1958: Frank Rosenblatt introduces the Perceptron⁹.

Relevance: An early algorithm for a single-layer neural network, laying foundational concepts for “Sub-Symbolic AI” and future neural network development.

1960s: AI research in the 1960s saw a divergence between symbolic (logic-based) and sub-symbolic (neural network) approaches.

Relevance: First signs of the first ‘AI Winter’

1969: Marvin Minsky and Seymour Papert publish Perceptrons¹⁰

Relevance: Highlighted critical limitations of early neural networks, particularly the lack of an algorithm which could sequential update the weights (parameters in a neural network). This significantly dampened enthusiasm and funding for neural network research (Sub Symbolic AI), contributing to the first ‘AI Winter’.

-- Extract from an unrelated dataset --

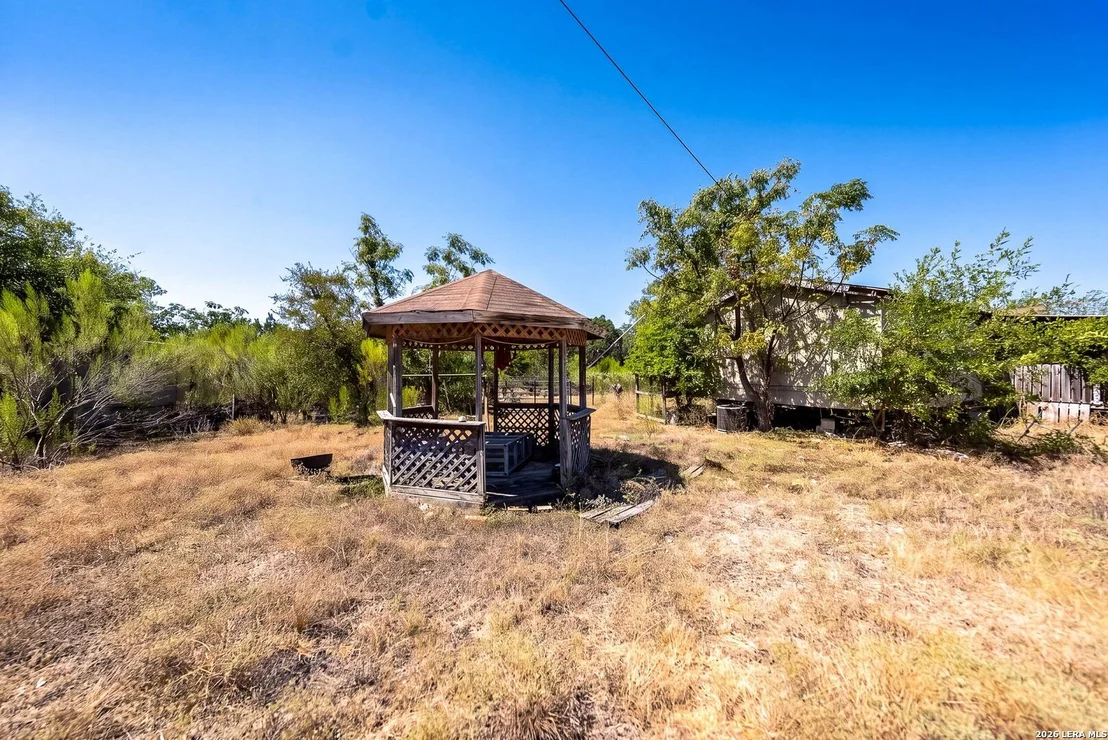 Photo of 990 Hillcrest Trl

1970s (Early): Foundational work on backpropagation

Relevance: Seppo Linnainmaa (1970)¹¹ developed the core mathematics, and Paul Werbos (1974)¹² proposed its use for training neural networks, laying vital groundwork for later breakthroughs.

1979: Douglas Hoftadter publishes Gödel, Escher, Bach: an Eternal Golden Braid¹³

Relevance: This Pulitzer Prize-winning book explored themes of intelligence and consciousness, inspiring a new generation of AI researchers.

1986: David Rumelhart, Geoffrey Hinton, and Ronald Williams publish their paper on backpropagation¹⁴.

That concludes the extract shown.